## Information supplied

[Start of section]

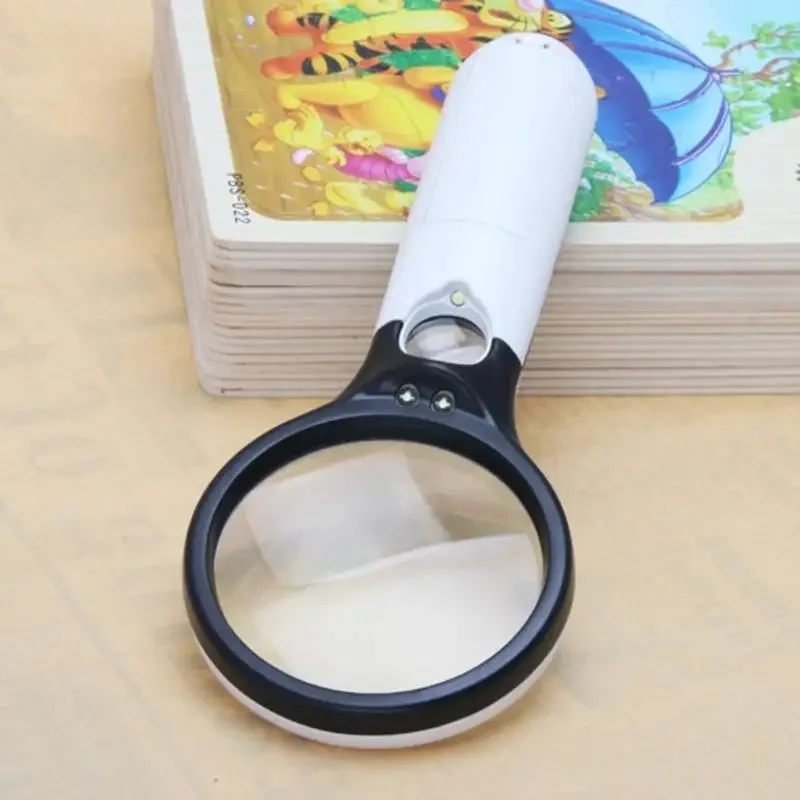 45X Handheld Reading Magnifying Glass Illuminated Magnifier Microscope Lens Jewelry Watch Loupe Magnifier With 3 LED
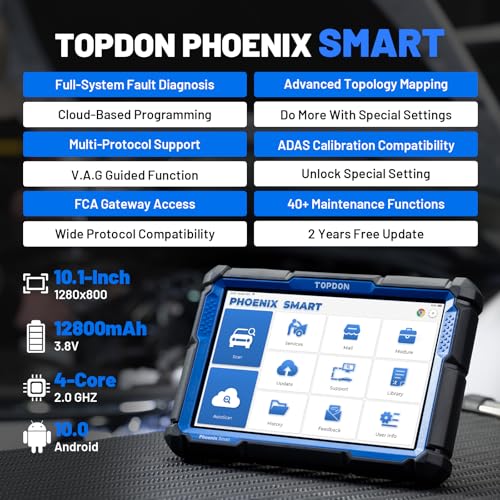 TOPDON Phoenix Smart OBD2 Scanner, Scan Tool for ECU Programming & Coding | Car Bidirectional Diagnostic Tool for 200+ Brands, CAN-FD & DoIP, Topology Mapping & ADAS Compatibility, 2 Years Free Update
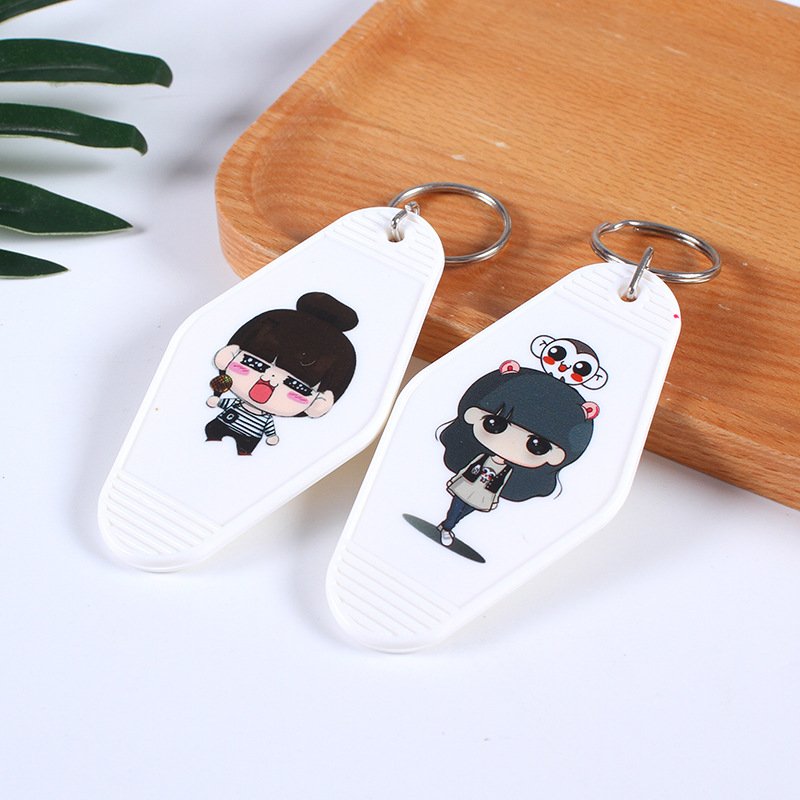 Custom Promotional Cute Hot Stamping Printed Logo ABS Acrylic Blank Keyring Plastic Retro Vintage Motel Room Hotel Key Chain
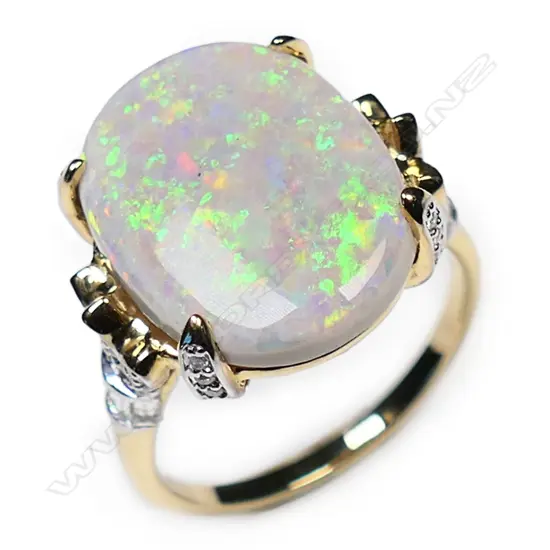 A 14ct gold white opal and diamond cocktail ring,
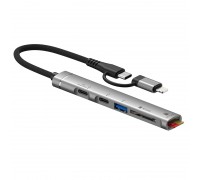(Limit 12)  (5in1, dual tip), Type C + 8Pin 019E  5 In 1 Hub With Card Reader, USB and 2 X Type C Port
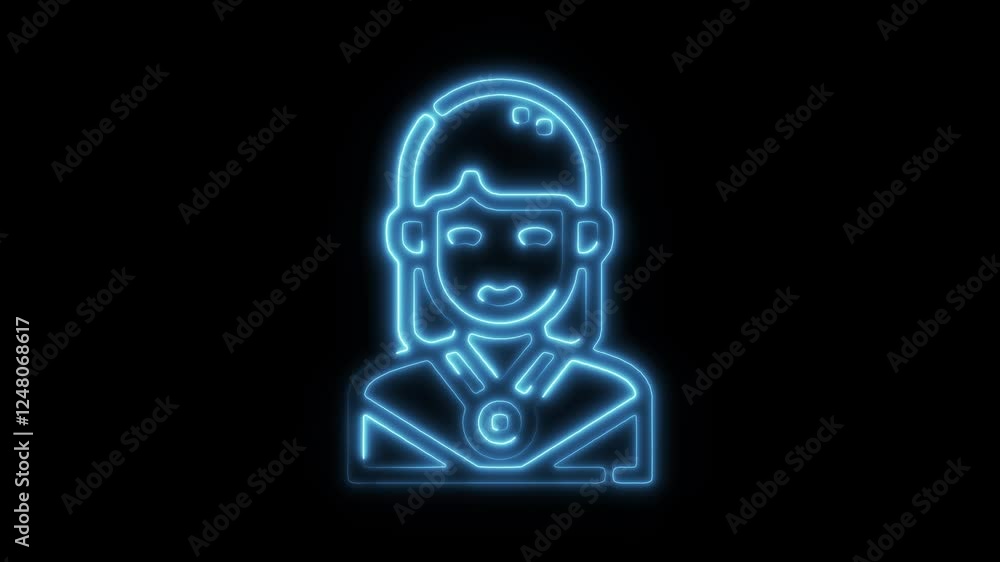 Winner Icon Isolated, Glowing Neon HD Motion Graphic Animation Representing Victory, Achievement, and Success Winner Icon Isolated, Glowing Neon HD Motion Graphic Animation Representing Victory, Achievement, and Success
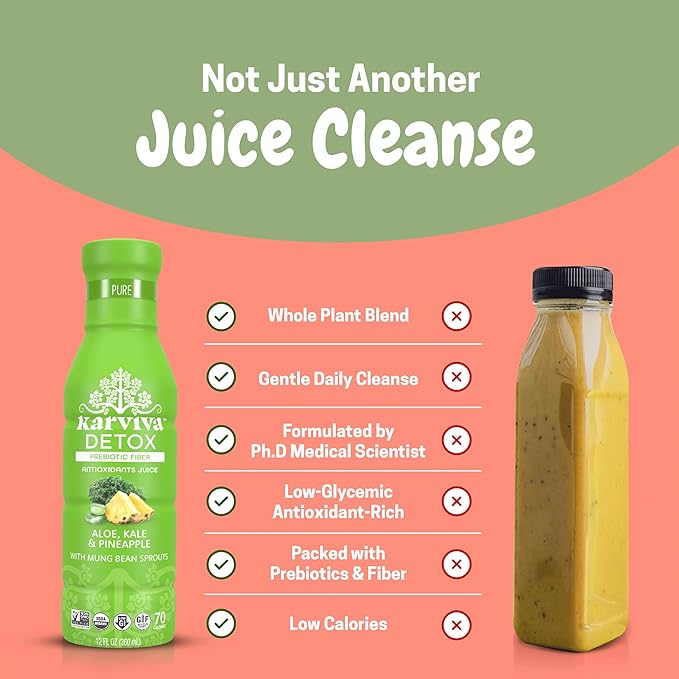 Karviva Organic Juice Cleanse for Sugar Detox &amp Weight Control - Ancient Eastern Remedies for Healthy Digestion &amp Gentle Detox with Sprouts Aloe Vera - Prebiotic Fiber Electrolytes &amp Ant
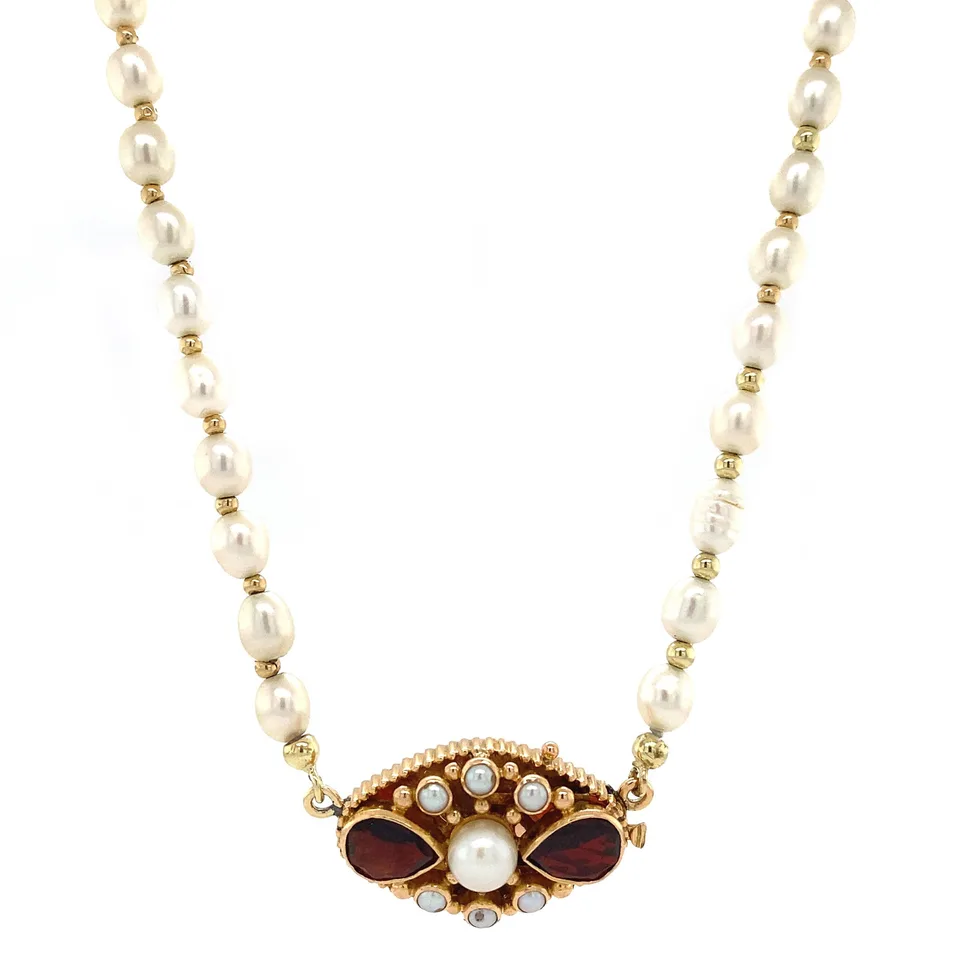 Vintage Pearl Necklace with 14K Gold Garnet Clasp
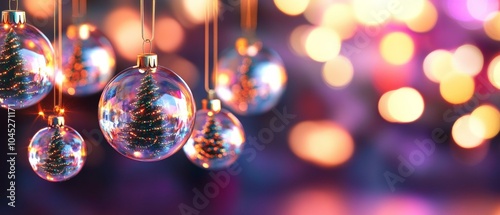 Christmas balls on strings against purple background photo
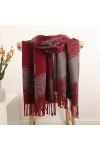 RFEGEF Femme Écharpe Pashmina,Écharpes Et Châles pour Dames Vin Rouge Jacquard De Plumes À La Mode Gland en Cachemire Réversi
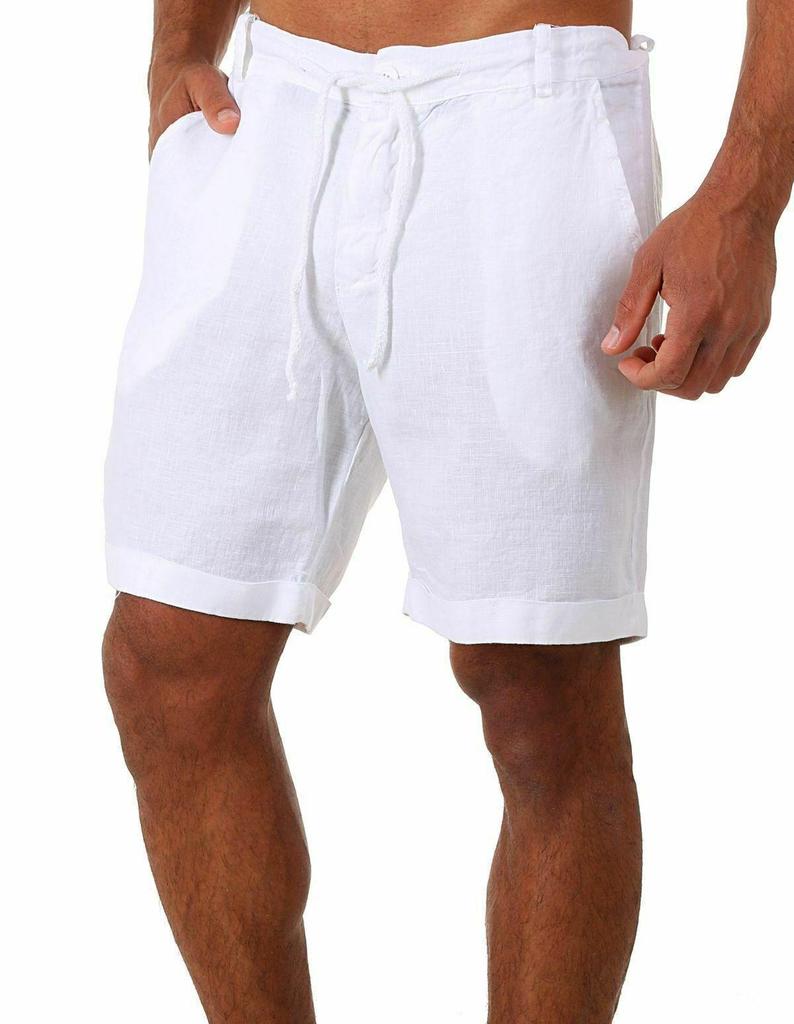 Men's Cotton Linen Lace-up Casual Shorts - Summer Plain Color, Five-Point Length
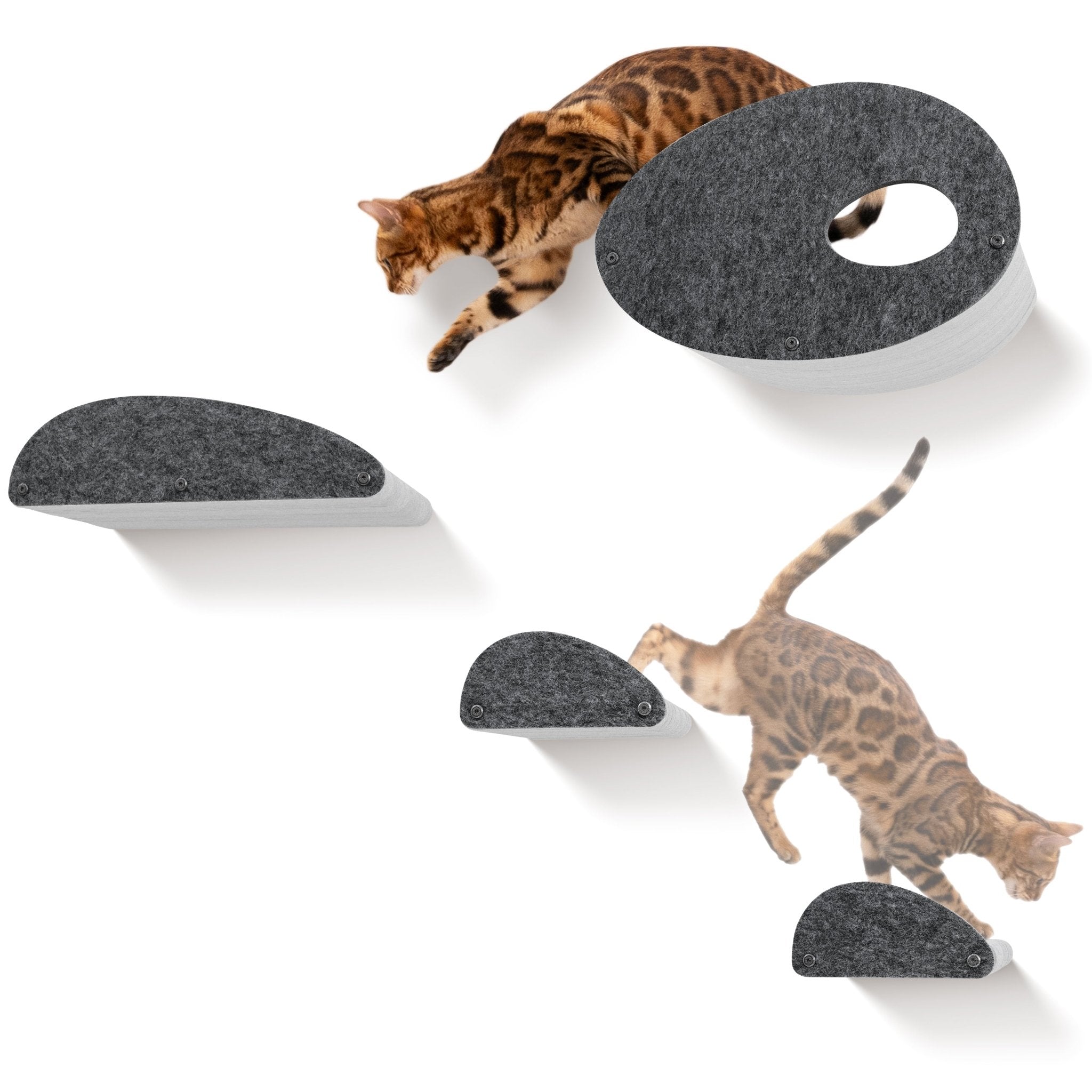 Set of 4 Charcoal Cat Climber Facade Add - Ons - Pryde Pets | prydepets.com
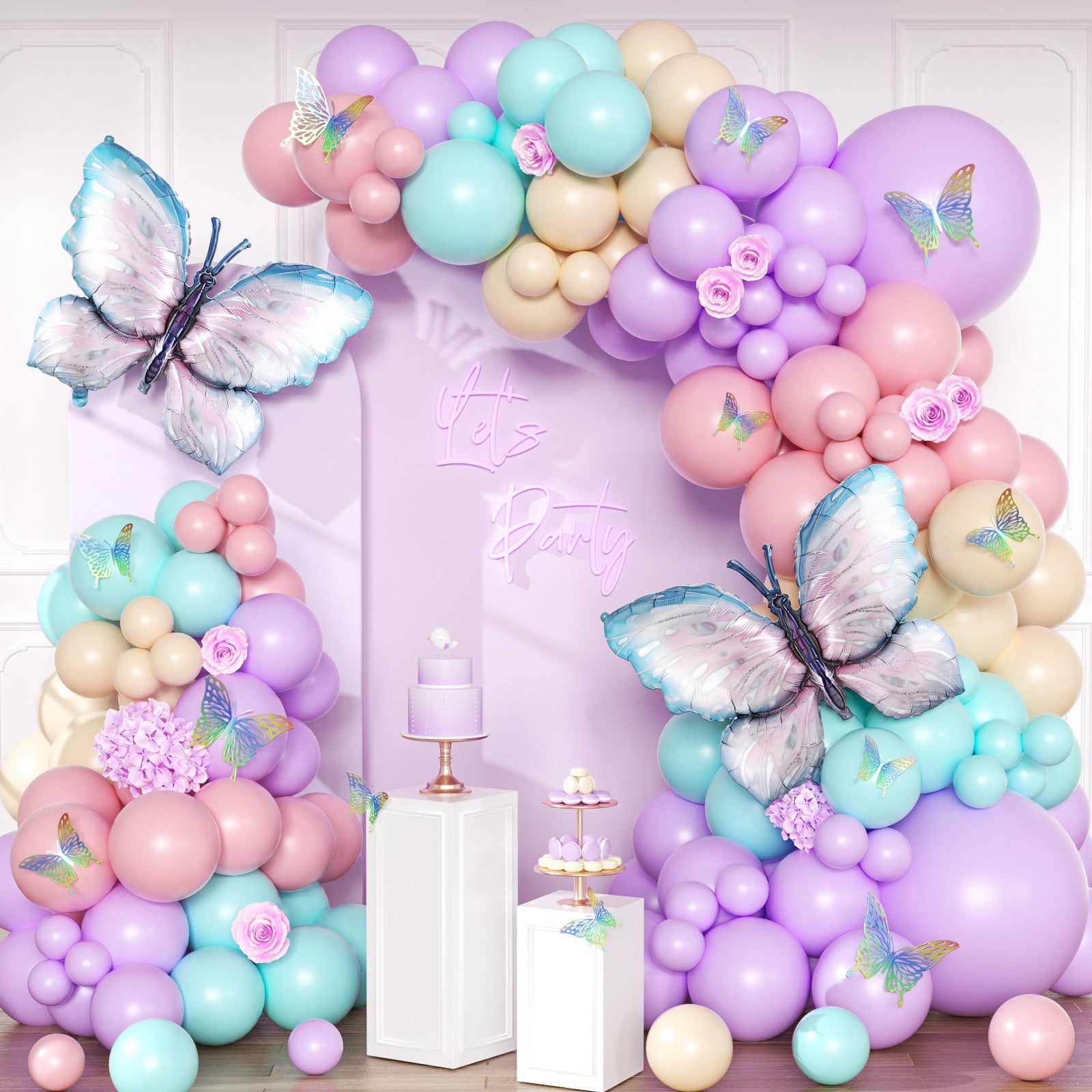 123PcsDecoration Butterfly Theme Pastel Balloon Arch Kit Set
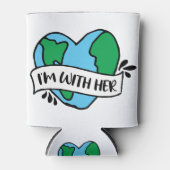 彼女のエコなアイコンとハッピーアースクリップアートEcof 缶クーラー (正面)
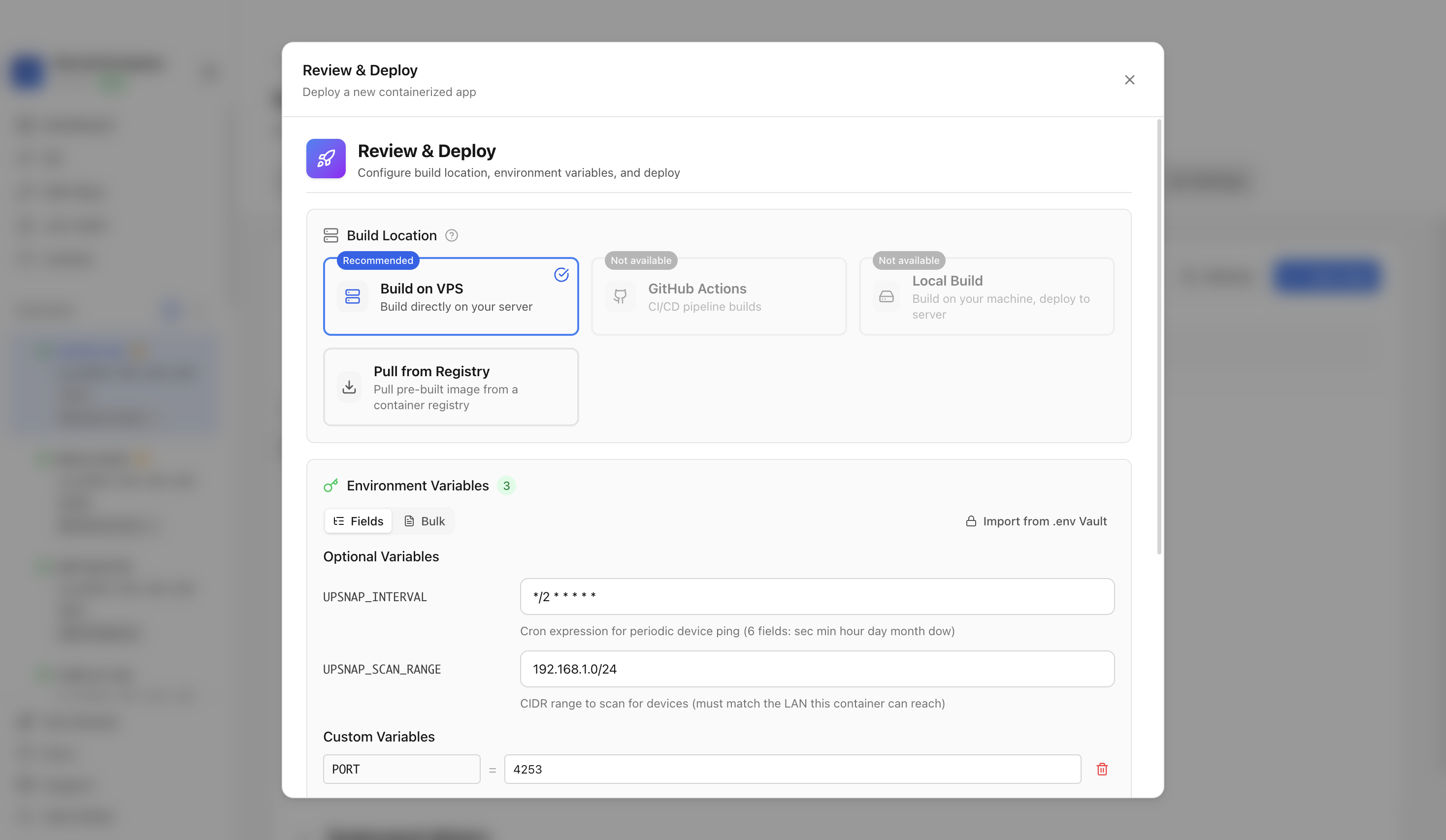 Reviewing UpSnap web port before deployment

[End of section]

## Your goal
Among the entries above, copy exactly the stretch from the line holding "Karviva Organic Juice" through the line holding "Christmas balls on", leaving out any pictures.

## Exercise solution
 Karviva Organic Juice Cleanse for Sugar Detox &amp Weight Control - Ancient Eastern Remedies for Healthy Digestion &amp Gentle Detox with Sprouts Aloe Vera - Prebiotic Fiber Electrolytes &amp Ant
 Vintage Pearl Necklace with 14K Gold Garnet Clasp
 Christmas balls on strings against purple background photo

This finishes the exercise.